June Friday-MacInnis Biography

By NLL Elder Dave “Buckeye” Garberson from interviews with June Friday-MacInnis
Additional by NLL Elder Greg “Gray Horse” Measor

We would like to introduce you to another very important person in the legacy of Native Sons & Daughters Programs.  June Friday-MacInnis. Until 2017, June was the oldest living niece of the great Joe Friday, Ojibway Indian whose inspiration gave the program a Native American theme about 90 years ago. Joe Friday was her uncle as her father Willie, was one of Joes brothers. Sadly, National Longhouse learned that June passed away in August 2017 at the age of 86. She was very important in the legacy of Native Sons & Daughters Programs and was very proud of her family’s part in the NSD legacy.

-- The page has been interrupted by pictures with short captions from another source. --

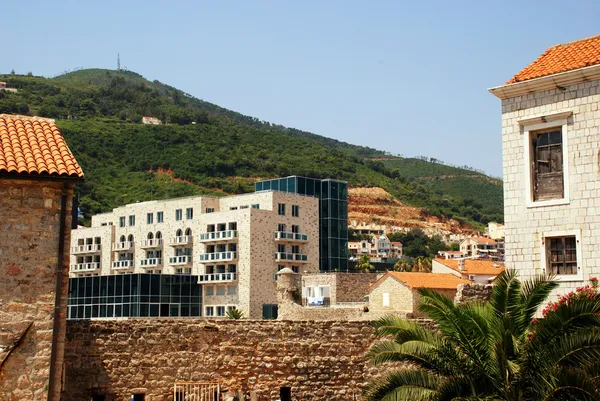 Old and modern town in Budva (Montenegro) — Stock Photo, Image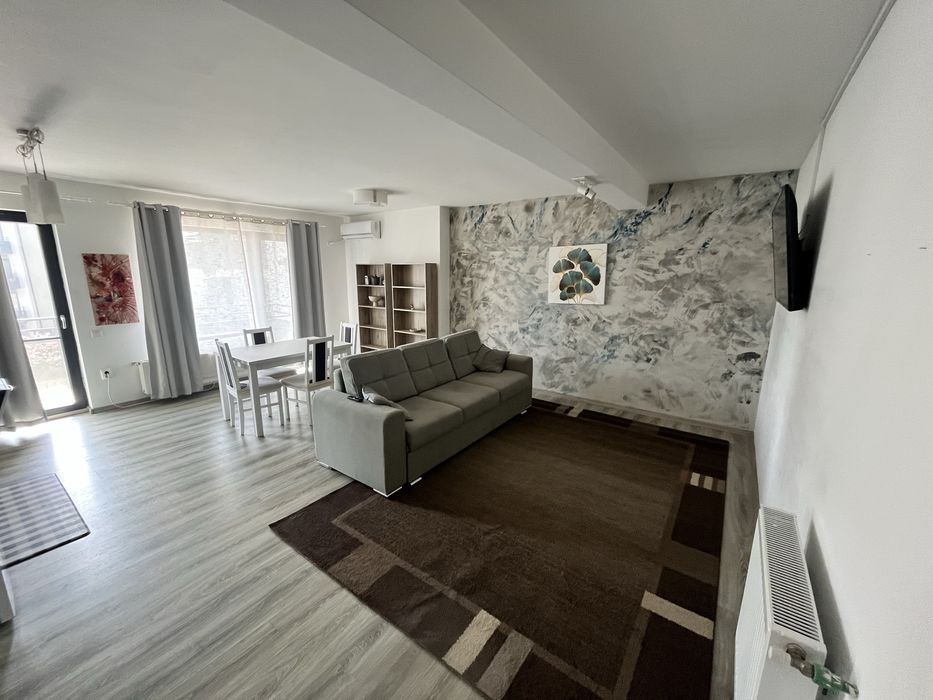 Inchiriez apartament si parcare in Donath Park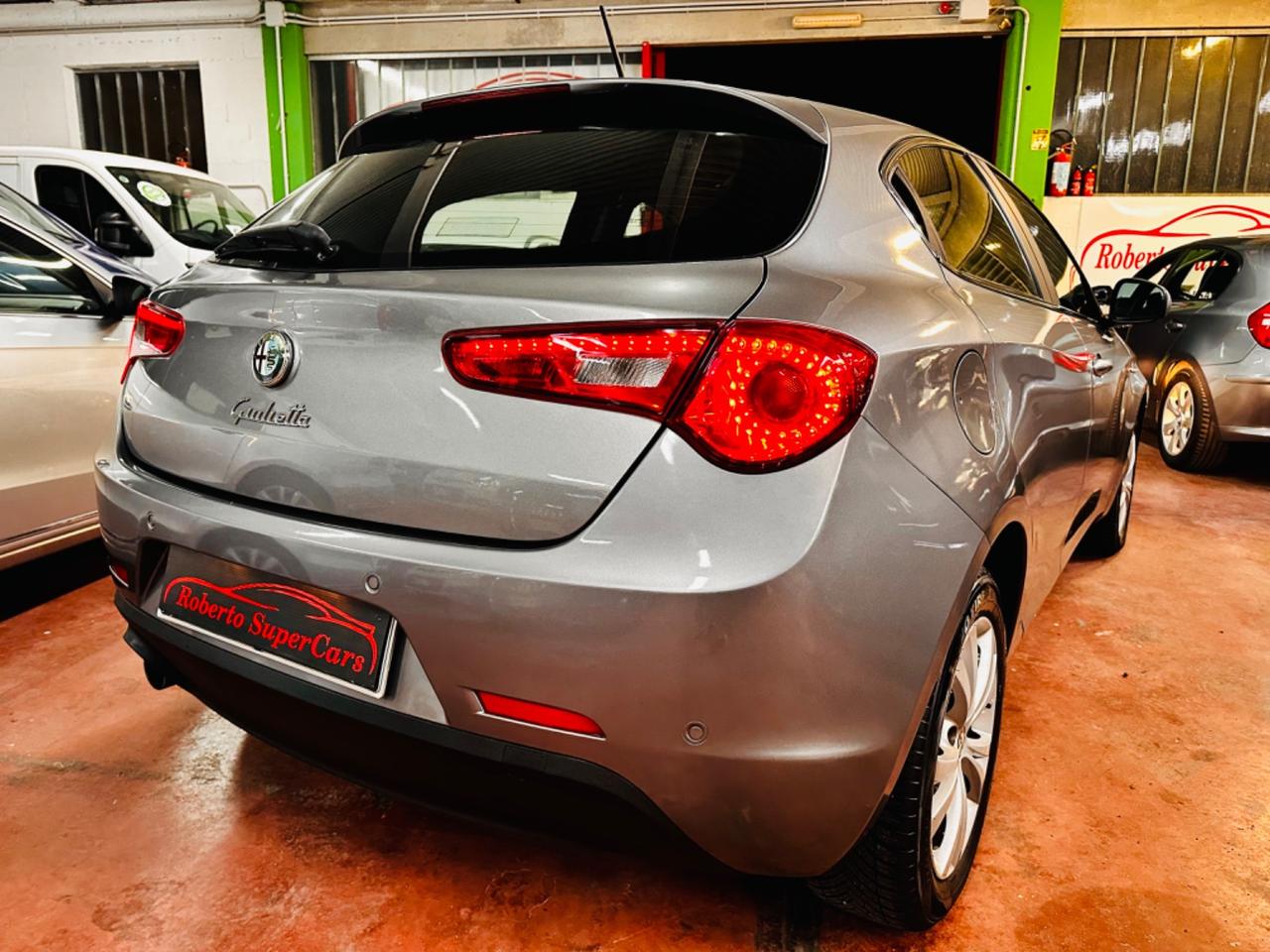 Alfa Romeo Giulietta 1.6 JTDm-2 105 CV Exclusive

Family Photo of June Friday-MacInnis
Family Photo

June was born at Fridays Point Lodge, on Lake Temagami, on June 11, 1931.  Fridays Point was a tourist fishing lodge operated by the Friday family, near the northeast arm perimeter of Lake Temagami, Temagami, Ontario, which for reference is about 5 hours north of Toronto, Ontario Canada. She weighed only 3lb.,8 oz. and needed special care by the tribal birth women (called midwives today) as the doctor thought she would not survive. She and her mother got special treatments at home till September when they both started to get along better and (as they say) the rest is history.

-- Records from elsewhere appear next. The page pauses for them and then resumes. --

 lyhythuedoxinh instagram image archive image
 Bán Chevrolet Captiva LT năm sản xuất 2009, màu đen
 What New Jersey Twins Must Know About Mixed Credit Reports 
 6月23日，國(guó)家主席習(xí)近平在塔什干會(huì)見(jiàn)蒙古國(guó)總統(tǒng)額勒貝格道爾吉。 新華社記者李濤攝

Her Ojibway name was Abamageis, which means Strawberry Month which the month of June is considered. She was a part of the White Bear Clan recalling the old story of Chief White Bear taking into his family those women and children when their father died. White Bear did this many times for other families over the years as do the Ojibway traditionally even now.

Her education until age 9 came from her family, primarily her brothers and sisters who would read to her. Her ability to read was important when she finally started school in the Christian grade school then completing high school.

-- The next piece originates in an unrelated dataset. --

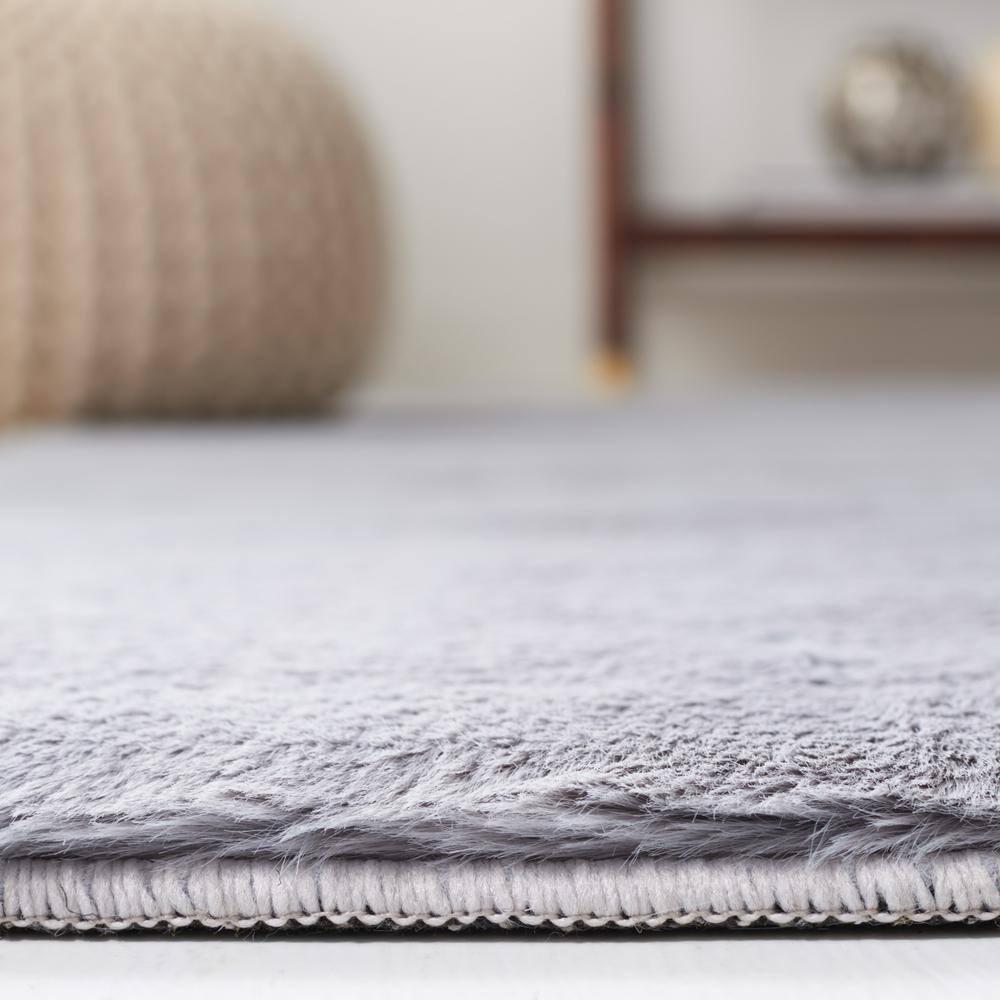 Faux Rabbit Fur FRF500 Power Loomed Machine Washable Indoor Area Rug - Light Grey - 6'x9' - Safavieh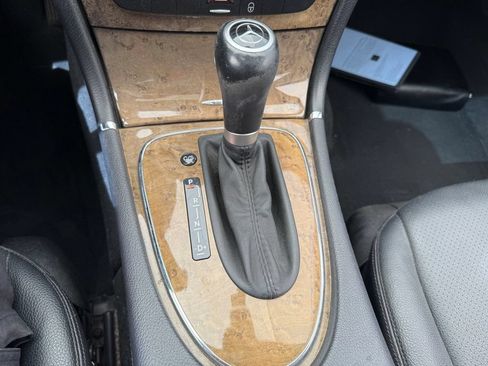 Used 2008 Mercedes-Benz E 350 4MATIC Sedan image 14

She married in 1947 after her then to be husband got back from WWII. June had 3 boys and a daughter (who died in 2005), as well as  6 grandchildren and 6 great grandchildren.

Photo of June Friday-MacInnis receiving the Joe Friday Award
Receiving the Joe Friday Award

For many years she taught the Ojibway language, traditions and history to interested children and young people as those ways and words have gone to pass with younger generations.  She most recently lived in Northbay (an hour below Temagami) for a number of years at a senior center where she had been very active.

In later years, she would read and knit, knitting all kinds of clothes and things that she mostly gave away for gifts to community centers and friends. She also wrote a series of stories about her family and history and in 2016 realized her dream to see those stories in print when Friday Memories – (The Life and Times of June Friday MacInnis) was first published.

Photo of Uncle Joe Friday
Uncle Joe Friday

Additional: In July 2006, several National Longhouse elders and some of their children journeyed to (and lodged on) Bear Island on Lake Temagami and visited the North Bay home of June Friday-MacInnis for several days. We were told that we had been the first people to visit the island from the program since Joe Friday was laid to rest in the spring of 1956. June and her family are extremely proud and honored that National Longhouse would want to carry on the legacy of what Joe Friday had inspired and helped to create so many years earlier. They opened their doors to us as if we were family. During that trip, National Longhouse presented June Friday-MacInnis with the Joe Friday Award, in honor of her and her family’s contributions to the legacy of NSD Programs.